— Твое сердце бьется за нас обоих, Кристоффер Поффер, и поэтому мне совсем ни к чему красть его.
Гномик Умпин стоял при ослепительно ярком лунном свете, как бы размышляя, продолжать ли нам быть разными существами или превратиться в одно целое.
— Вот так мы тут все стоим и стоим при лунном свете, — произнес он, наконец.
Тут меня охватило сомнение. Все как-то переменилось, мне показалось, что и сам Умпин начал бледнеть, более блеклым стало его лицо, а зеленый костюмчик не таким ярким.
— Значит, это был всего-навсего сон, — вынужден был признать я.
Грустно было согласиться с этим, хотя сон был отнюдь не только приятным. Но тут лицо гномика снова стало более отчетливым.
— Милое мое солнышко, Кристоффер Поффер, — начал он. — Разве бывают всего-навсего сны? Сказать «всего-навсего сон» так же глупо, как сказать «просто действительность», ведь маленькие принцы Пофферы живут в своих мечтах точно так же, как и в той стране, из которой они убегают в мечты.
Я стоял и смотрел на запорошенный снегом лед, покрывший тритоний пруд. Под этим снегом и льдом затаились все мои летние страхи. И как только снег начнет таять, они снова оживут.
— В общем и целом, ты просто сбежал от всех и вся, — произнес Умпин.
Я подумал, что все-таки нехорошо с его стороны всю вину сваливать только на меня, раз уж мы с ним вместе удрали от летних страхов.
— Когда худшие опасения оправдываются, лучше всего устраниться, — произнес я таким взрослым тоном, каким только мог.
Умпин стоял рядом и мотал своей маленькой гномьей головкой.
— Тот, кто пытается убежать от страшного сна, будет возвращаться в него снова и снова. Страшный сон нужно встречать так же, как волка в лесу.

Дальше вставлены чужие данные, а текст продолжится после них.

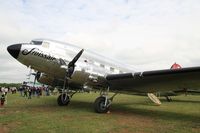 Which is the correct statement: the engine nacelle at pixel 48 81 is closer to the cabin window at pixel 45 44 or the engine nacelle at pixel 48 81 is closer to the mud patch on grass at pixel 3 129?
the cabin window at pixel 45 44

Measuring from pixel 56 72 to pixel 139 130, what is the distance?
24.6 ft

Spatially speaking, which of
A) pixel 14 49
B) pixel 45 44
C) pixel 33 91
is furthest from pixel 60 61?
pixel 33 91

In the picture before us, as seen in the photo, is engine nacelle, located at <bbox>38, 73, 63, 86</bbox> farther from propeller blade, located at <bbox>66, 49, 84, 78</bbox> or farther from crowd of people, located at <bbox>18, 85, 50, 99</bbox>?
crowd of people, located at <bbox>18, 85, 50, 99</bbox>

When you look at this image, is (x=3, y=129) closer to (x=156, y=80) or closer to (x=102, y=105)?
(x=102, y=105)

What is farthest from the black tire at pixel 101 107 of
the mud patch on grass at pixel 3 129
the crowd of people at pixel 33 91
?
the crowd of people at pixel 33 91

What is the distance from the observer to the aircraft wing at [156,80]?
13899mm

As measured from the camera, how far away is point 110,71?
57.0ft

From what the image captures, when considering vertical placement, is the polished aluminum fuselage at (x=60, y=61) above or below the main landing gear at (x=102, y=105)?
above

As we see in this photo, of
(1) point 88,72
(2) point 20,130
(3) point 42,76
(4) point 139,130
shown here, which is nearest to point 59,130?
(2) point 20,130

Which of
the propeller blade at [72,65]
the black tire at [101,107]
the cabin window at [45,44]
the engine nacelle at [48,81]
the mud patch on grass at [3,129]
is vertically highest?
the cabin window at [45,44]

— Ну и как же это? — стал я спрашивать, ведь мне не так уж часто доводилось встречать волков в своей жизни.
— Коли встретишь страшного волка, ни за что не беги. Не то он побежит за тобой, а волки бегают быстрее принцев Пофферов. Вместо этого надо спокойно стоять и смотреть прямо в самую глубину зеленых волчьих глаз. Тогда волк сам убежит и спрячется от тебя или станет совсем кротким, как ягненок, подойдет к тебе и станет лизать руку. Так же надо расправляться и со всякими там летними страхами, королевами и маршалами.

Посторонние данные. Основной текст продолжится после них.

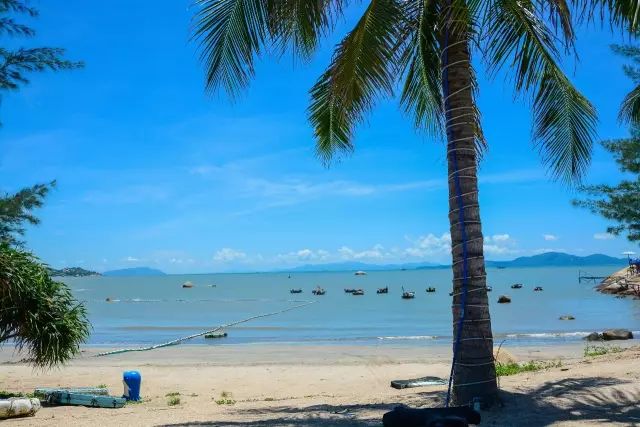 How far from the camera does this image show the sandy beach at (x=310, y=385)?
6539 millimetres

— Ну, это уж дудки, — решительно возразил я. — Королева настолько скверная, что никогда не знаешь, какую пакость она придумает в следующий раз.
Гном Умпин принялся ковырять снег носком ботинка.
— Каков человек на самом деле, никогда не знаешь наверняка. Может быть, она очень добрая в самой глубине души.
Тут уж я рассердился не на шутку. Решительно выставив вперед свой указательный палец, я сказал:
— Как же это, интересно, она может оказаться хорошей в глубине души, если она бросила нас в темницу?
— Возможны и гораздо более невероятные вещи, чем маленький принц Поффер может себе представить, — произнес он.
Я замер, внимательно вглядываясь в тритоний пруд. Наконец, он снова заговорил:
— Ты все время поддавался летним страхам. Теперь тебе следует показать, что ты сильнее их. Иначе они будут преследовать тебя всю жизнь. Поэтому тебе необходимо вернуться в белый замок.
И уже не в первый раз я подумал, что гномик Умпин произнес очень умные слова. В то же время я не мог представить, чтобы я снова очутился в замке.
— Подумай, а вдруг я потеряюсь во сне, — произнес я.
Гномик Умпин стал переминаться с ноги на ногу, как будто по какой-то причине ему стало не по себе.
— По-моему, во сне потерялось нечто совсем другое — это ключ ко многим вещам. Разве ты забыл, что у тебя на шее висел ключ, и ты ходил, бродил здесь в полутьме, но ты не сумел сделать никаких открытий?
И он посмотрел на меня так, как будто бы открыл большую тайну.
— Кроме того, тритон не может сидеть в тюрьме вечно, — продолжал он. — Это чересчур суровое наказание даже для тритона.
Он дважды произнес слово «тритон», и я замер от страха.
— Я не хочу возвращаться к летним страхам, — громко закричал я.
— Как хочешь, — сухо сказал Умпин. — Но если ты не заберешь оттуда ключ, ты никогда не сможешь вернуться обратно к маме с папой и войти в свой большой дом с верандой и шезлонгами.
— Но ведь я могу позвонить в звонок.